ASSIGNMENT:
Restate word for word the lines of the records below, starting at the line that contains "Lak na nehty" and ending at the line that contains "Футболка женская My", with both of those lines included and nothing else.

DATA FOR THE TASK:
>>>
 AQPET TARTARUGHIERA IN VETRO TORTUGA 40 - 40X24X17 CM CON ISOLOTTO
<<<
>>>
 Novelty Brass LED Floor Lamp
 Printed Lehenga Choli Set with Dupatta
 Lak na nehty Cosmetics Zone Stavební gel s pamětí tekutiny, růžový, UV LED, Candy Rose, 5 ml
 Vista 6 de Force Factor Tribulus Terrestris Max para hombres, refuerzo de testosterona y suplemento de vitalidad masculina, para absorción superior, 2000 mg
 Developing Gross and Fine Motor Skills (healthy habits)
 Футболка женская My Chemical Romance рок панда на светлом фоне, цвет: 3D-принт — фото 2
<<<
OUTPUT FOR THIS EXERCISE:
 Lak na nehty Cosmetics Zone Stavební gel s pamětí tekutiny, růžový, UV LED, Candy Rose, 5 ml
 Vista 6 de Force Factor Tribulus Terrestris Max para hombres, refuerzo de testosterona y suplemento de vitalidad masculina, para absorción superior, 2000 mg
 Developing Gross and Fine Motor Skills (healthy habits)
 Футболка женская My Chemical Romance рок панда на светлом фоне, цвет: 3D-принт — фото 2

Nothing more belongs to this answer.